Forty years ago this week, many people in Scotland were shivering through the coldest weather they’re likely to ever experience.
We’ve started 2022 with some very high temperatures, even record-breaking in some spots, and in recent days we’ve had an airflow from the Mediterranean which has kept both day and night temperatures in double figures in the Hebrides.
Many readers will remember the severe cold and snow we experienced in 2010, our third coldest winter on record, but January 1982 had its own significant extreme – the lowest temperature ever recorded in Scotland.
I say the lowest on record, but in actual fact the low of -27.2C has been recorded on three separate occasions, twice in Braemar, in 1895 and 1982, and once in Altnaharra in 1995.
Yes, you read that right, bang on -27.2C, three times.
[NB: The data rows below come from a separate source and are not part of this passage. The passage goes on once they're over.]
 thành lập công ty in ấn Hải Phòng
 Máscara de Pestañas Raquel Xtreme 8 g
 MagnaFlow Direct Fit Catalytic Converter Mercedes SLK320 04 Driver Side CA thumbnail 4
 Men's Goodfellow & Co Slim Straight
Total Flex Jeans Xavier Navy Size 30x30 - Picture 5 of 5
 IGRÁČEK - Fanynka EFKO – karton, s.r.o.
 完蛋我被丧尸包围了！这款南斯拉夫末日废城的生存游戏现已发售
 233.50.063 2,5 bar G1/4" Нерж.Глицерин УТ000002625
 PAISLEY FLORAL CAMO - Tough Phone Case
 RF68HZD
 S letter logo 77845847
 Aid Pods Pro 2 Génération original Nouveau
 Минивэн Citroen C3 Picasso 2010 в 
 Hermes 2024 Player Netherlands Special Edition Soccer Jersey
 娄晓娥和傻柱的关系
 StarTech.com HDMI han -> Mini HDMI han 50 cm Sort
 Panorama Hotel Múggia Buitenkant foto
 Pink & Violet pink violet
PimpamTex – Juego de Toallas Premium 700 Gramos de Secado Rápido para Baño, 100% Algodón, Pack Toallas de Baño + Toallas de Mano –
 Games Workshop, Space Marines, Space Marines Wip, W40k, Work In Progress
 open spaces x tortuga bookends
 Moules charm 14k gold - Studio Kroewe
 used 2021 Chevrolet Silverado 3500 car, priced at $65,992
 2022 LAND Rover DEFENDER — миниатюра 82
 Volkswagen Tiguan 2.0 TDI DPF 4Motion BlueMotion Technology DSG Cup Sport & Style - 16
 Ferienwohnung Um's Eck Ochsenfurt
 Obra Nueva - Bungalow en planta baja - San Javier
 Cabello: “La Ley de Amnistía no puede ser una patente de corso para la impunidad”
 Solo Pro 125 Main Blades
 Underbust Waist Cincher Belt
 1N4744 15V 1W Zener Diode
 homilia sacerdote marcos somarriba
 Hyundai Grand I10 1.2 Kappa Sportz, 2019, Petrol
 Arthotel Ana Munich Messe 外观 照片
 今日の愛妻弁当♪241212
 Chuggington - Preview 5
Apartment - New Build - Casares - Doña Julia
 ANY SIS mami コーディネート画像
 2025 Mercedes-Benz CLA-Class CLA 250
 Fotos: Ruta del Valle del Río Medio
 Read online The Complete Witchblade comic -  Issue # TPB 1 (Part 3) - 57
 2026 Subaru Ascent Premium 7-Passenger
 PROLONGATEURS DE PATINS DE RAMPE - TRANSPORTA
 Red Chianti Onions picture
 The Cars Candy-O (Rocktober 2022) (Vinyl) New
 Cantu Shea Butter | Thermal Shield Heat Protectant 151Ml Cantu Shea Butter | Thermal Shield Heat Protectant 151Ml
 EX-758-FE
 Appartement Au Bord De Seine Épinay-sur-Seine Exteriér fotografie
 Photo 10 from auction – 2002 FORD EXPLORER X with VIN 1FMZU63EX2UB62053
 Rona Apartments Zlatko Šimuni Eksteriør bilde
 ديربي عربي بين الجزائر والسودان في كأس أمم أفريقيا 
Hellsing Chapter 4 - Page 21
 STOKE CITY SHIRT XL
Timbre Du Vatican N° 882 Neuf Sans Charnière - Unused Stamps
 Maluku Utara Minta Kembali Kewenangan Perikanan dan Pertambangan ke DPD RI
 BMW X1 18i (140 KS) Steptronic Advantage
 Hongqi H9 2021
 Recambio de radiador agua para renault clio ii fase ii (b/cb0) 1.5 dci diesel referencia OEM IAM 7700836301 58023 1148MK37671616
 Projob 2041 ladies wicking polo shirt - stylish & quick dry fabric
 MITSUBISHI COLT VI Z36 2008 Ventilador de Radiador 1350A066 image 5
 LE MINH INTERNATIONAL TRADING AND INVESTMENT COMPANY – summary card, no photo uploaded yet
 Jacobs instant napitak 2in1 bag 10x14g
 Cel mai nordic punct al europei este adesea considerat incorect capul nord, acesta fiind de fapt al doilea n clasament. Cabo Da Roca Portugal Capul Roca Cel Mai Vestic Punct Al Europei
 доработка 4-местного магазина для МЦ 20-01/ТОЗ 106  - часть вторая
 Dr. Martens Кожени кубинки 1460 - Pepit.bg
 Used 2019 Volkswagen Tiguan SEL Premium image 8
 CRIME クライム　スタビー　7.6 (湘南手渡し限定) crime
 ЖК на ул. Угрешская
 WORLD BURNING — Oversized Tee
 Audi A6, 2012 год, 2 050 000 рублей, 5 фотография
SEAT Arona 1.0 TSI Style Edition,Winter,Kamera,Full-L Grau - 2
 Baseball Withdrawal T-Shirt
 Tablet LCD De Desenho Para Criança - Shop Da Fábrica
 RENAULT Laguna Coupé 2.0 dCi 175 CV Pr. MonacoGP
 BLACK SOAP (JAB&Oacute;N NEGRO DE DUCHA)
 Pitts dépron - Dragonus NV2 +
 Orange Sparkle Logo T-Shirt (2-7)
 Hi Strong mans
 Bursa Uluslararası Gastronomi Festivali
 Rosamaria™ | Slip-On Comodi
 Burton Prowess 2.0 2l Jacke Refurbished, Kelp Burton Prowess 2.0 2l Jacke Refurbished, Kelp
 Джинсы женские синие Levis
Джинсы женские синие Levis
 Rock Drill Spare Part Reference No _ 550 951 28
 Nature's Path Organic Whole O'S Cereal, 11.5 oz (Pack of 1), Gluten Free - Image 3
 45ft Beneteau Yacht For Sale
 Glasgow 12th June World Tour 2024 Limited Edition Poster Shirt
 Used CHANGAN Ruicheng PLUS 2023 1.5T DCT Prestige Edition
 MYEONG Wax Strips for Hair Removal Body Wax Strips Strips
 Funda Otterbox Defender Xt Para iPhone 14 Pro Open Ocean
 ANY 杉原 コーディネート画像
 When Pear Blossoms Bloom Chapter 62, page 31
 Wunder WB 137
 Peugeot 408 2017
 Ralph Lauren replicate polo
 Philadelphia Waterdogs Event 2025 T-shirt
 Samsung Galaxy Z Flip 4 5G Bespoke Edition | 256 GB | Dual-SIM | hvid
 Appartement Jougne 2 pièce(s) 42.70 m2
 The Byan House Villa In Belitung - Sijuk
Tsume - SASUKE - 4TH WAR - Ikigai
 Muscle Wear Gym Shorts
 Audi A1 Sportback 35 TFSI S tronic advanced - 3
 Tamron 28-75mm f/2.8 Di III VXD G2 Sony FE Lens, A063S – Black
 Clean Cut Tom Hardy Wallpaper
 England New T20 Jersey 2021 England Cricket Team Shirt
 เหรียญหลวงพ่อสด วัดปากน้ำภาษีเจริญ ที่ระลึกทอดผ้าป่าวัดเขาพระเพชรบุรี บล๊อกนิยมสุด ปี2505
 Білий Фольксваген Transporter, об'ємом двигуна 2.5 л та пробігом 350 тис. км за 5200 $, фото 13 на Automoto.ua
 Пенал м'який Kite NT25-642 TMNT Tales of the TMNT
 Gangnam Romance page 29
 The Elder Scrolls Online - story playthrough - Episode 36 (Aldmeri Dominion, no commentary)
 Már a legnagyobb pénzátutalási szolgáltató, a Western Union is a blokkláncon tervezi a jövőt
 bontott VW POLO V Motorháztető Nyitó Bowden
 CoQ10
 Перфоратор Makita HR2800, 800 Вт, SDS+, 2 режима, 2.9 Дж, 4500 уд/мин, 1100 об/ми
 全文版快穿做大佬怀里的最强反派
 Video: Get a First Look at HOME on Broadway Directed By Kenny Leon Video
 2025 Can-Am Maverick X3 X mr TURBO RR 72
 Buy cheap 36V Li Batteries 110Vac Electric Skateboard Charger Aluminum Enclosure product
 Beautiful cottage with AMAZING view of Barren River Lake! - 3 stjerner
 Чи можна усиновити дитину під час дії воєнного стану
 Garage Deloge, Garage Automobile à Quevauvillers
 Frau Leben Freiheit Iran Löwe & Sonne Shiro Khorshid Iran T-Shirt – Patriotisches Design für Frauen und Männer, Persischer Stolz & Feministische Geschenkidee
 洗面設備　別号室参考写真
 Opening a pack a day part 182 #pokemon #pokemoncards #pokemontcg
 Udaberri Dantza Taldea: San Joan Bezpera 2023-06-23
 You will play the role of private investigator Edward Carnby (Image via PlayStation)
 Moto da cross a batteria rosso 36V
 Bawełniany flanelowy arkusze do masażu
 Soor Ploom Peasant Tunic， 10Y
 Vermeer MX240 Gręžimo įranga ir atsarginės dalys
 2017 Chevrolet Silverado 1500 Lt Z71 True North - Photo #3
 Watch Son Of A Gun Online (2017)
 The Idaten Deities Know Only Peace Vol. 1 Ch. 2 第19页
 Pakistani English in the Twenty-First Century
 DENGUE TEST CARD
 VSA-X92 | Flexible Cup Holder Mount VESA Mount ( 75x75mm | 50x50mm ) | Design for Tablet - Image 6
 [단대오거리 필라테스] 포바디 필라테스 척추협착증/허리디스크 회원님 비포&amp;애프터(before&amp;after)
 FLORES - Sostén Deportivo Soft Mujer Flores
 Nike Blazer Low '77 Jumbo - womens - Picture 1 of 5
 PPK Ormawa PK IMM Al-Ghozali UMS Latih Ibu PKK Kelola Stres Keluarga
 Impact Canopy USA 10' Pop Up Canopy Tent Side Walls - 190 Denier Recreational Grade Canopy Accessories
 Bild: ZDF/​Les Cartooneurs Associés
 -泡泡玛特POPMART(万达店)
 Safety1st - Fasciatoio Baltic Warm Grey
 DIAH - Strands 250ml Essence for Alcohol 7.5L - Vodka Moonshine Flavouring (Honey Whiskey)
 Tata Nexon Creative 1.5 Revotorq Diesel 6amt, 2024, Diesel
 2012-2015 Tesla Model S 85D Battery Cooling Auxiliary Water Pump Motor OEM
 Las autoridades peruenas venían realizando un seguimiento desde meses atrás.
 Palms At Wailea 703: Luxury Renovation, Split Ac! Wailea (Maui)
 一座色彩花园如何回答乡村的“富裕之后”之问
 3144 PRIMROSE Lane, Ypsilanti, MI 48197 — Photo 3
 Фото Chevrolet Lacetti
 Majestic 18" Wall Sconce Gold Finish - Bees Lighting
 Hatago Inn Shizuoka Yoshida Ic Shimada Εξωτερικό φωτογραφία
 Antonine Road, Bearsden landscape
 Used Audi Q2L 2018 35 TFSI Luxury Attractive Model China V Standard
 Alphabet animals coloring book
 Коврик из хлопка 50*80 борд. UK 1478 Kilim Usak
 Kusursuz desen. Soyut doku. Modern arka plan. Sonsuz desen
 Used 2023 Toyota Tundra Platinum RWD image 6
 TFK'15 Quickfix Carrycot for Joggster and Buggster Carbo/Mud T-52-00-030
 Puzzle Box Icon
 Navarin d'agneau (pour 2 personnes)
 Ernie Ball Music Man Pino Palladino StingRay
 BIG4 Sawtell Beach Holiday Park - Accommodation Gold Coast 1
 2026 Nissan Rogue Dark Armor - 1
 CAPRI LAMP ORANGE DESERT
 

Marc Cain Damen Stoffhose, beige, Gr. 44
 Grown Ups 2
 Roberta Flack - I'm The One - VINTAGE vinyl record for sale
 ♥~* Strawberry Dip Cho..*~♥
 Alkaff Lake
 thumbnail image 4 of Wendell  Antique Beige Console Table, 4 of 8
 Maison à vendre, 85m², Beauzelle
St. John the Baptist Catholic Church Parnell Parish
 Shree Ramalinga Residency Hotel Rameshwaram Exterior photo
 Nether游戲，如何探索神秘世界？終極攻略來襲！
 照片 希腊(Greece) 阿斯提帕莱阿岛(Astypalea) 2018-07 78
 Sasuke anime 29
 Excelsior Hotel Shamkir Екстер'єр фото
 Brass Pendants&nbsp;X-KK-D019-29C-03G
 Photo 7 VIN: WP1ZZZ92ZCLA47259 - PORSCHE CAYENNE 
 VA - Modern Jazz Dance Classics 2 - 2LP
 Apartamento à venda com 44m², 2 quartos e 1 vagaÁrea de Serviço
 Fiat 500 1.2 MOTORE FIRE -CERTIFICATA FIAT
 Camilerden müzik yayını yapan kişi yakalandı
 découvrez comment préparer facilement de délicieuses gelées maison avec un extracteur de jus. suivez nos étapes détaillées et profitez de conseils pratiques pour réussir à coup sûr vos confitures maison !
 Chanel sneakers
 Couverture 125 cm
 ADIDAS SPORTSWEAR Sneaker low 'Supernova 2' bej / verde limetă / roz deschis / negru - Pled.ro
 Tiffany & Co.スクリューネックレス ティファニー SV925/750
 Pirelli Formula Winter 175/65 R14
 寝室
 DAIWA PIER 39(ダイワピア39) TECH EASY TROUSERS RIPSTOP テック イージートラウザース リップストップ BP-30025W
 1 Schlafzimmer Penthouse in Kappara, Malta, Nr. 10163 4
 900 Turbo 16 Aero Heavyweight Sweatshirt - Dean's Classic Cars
This is the sort of stuff that gets me excited and frustrated, as it reminds me of my days as an observer when I’d want to be the one on shift to record a new extreme.
I know what the observers would have been going through in 1982 and 1995, just hoping to reach -27.3C to be able to claim the record.
While a Scottish record was equalled on that night during the second week of January 1982, other parts of the country were throwing extra coals on the fire as local records were broken.
Other temperatures recorded that night
- Bowhill: -26.6C
- Balmoral: -23.5C
- Fyvie: -21C
- Dyce: -19.3C
- Penicuik: -19.2C
- Kinross: -17.5C
- Paisley: -17.3C
- Motherwell: -17.2C
- Edinburgh: -17C
- Grangemouth: –14.4C
Could we see such lows again?
As I said during the COP26 climate summit in November, there’s no way I’d rule out reaching these lows ever again, but as each year goes by, it becomes increasingly less likely.
Since the 1980s, the average temperature in Scotland has risen by around half a degree. I know that doesn’t sound much, but it means that as temperatures rise, we’re now more likely to hit new record highs than lows.
That’s certainly what we’ve seen in recent years – especially in winter.
While I see the future weather being more volatile, with extremes at both ends of the scale, it’s definitely much more likely that we’ll break our record high of 32.9C in the next several years than our low.